• Directions for this task
Omit the pictures from the entries below and retype everything else exactly.

• Records
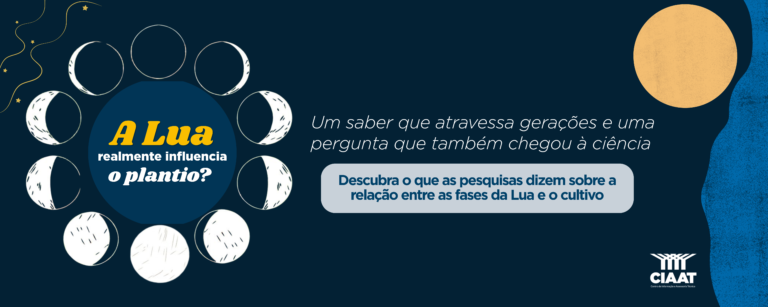 Leia mais sobre o artigo Fases da Lua influenciam o plantio? O que dizem a tradição e a ciência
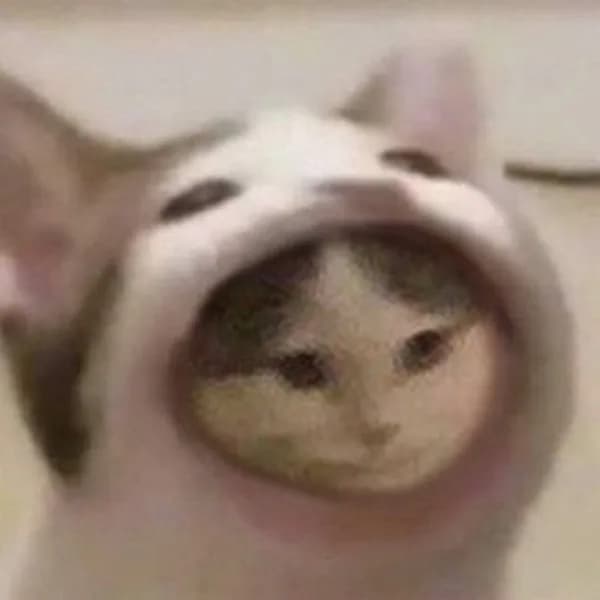 popcat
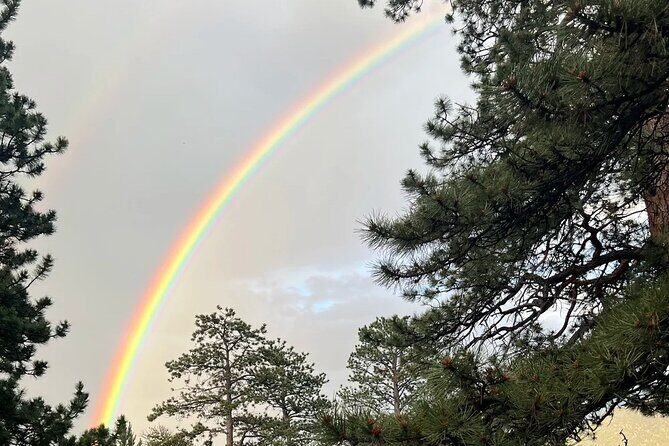 Rocky Mountain National Park The Best of Rocky Tour - Exploring the Rocky Mountain National Park Best of Rocky Tour in Detail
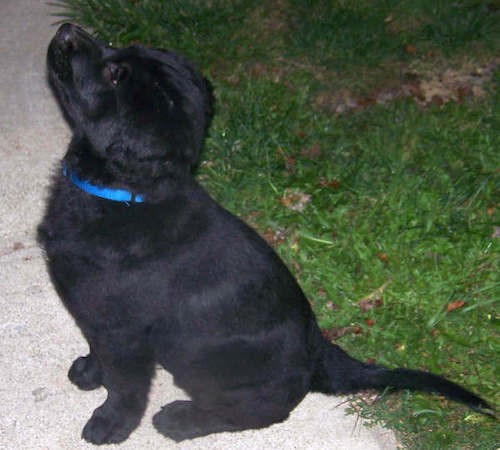 A small, black, fluffy, shiny coated puppy wearing a blue collar sitting on a sidewalk outside next to green grass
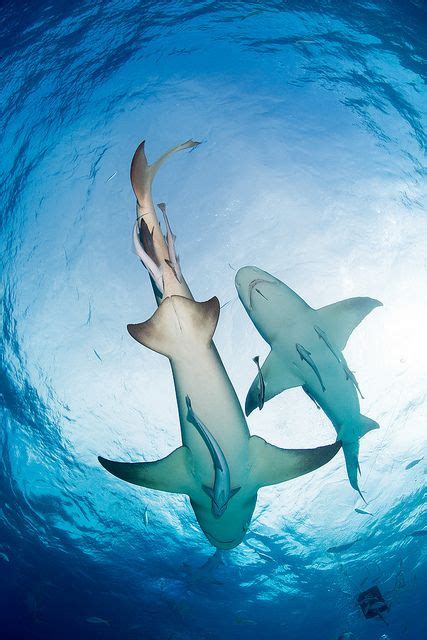 2013 Bahamas 12 049 Tiger Beach Lemon Shark Tim Priest Underwater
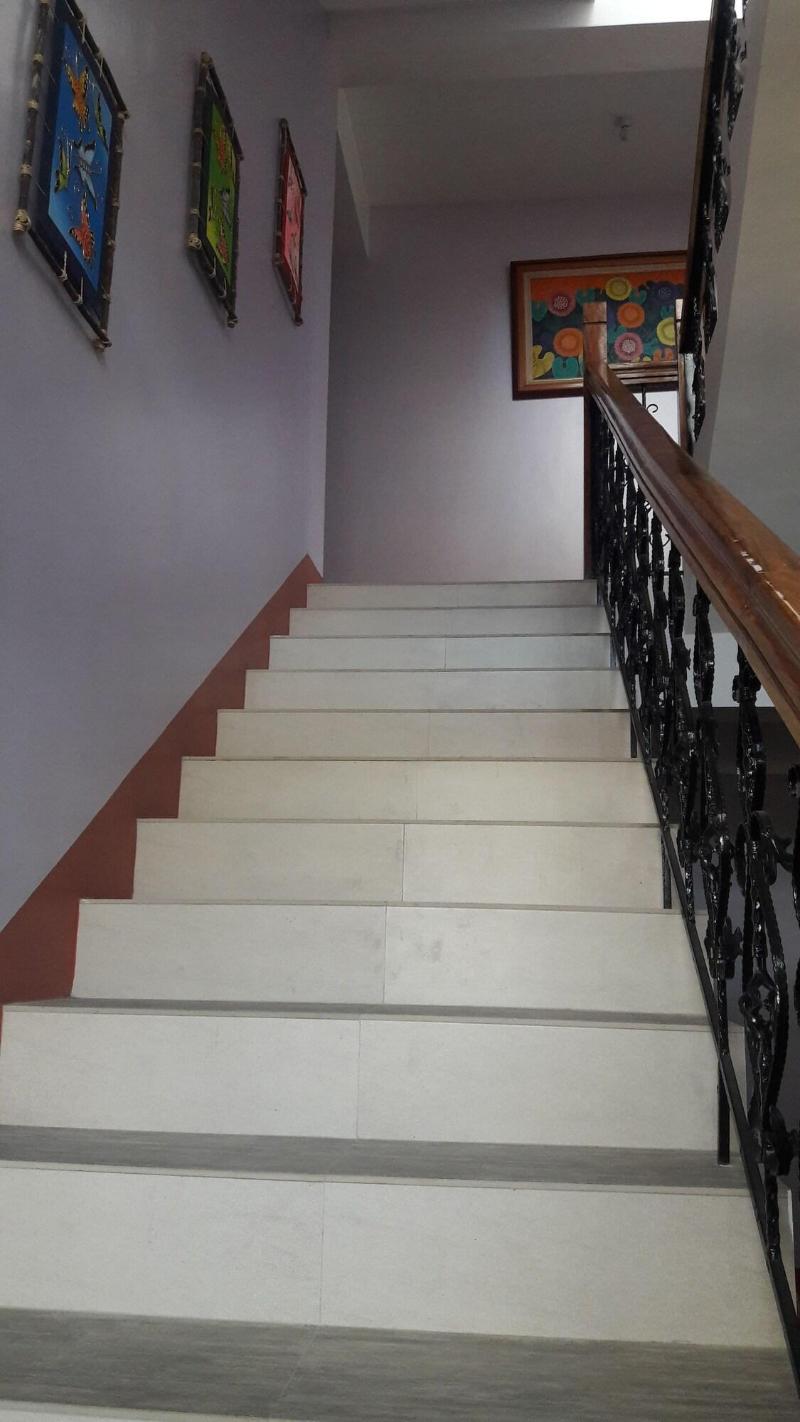 Mayon Lodging House image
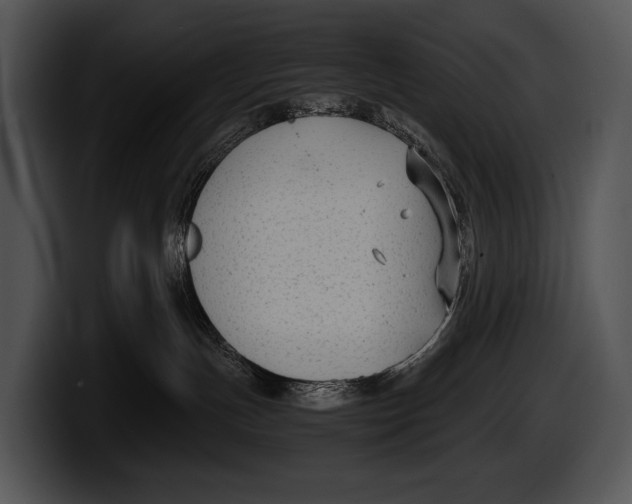 X0000100190191200806201302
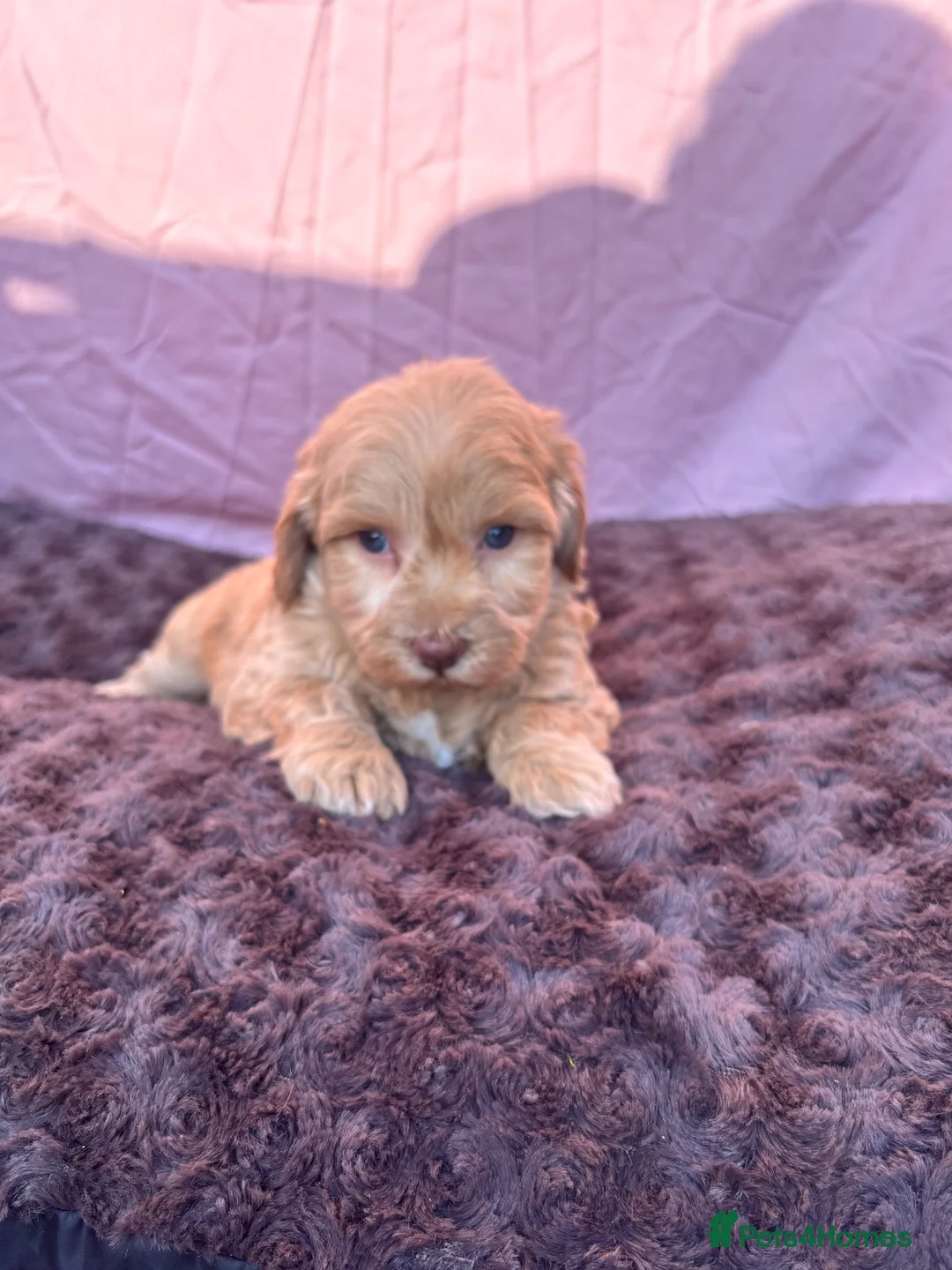 Maltipoo dogs for sale: Our Multipoo fur babies  in Ashford - Advert 1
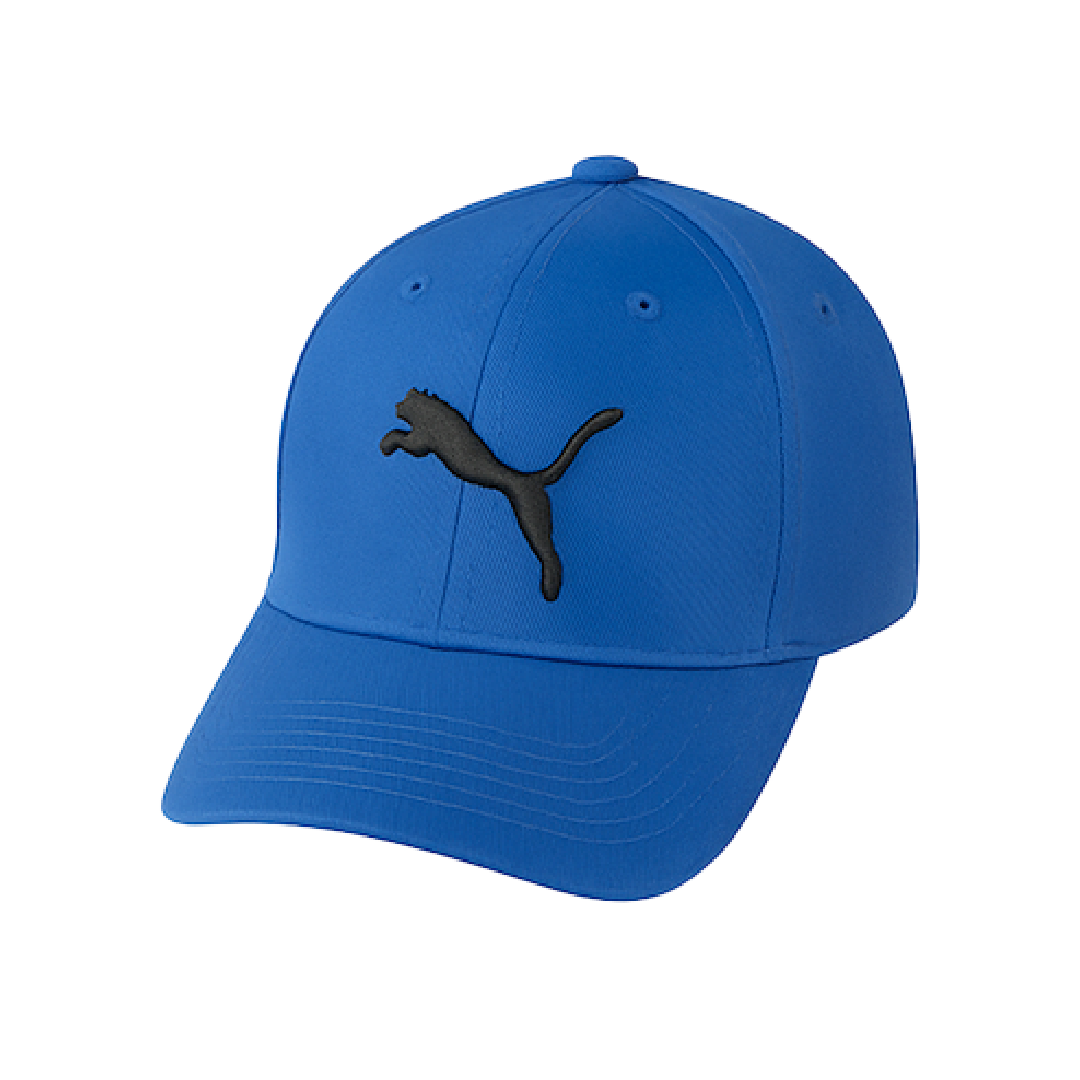 Puma color azul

• Response below
 Leia mais sobre o artigo Fases da Lua influenciam o plantio? O que dizem a tradição e a ciência
 popcat
 Rocky Mountain National Park The Best of Rocky Tour - Exploring the Rocky Mountain National Park Best of Rocky Tour in Detail
 A small, black, fluffy, shiny coated puppy wearing a blue collar sitting on a sidewalk outside next to green grass
 2013 Bahamas 12 049 Tiger Beach Lemon Shark Tim Priest Underwater
 Mayon Lodging House image
 X0000100190191200806201302
 Maltipoo dogs for sale: Our Multipoo fur babies  in Ashford - Advert 1
 Puma color azul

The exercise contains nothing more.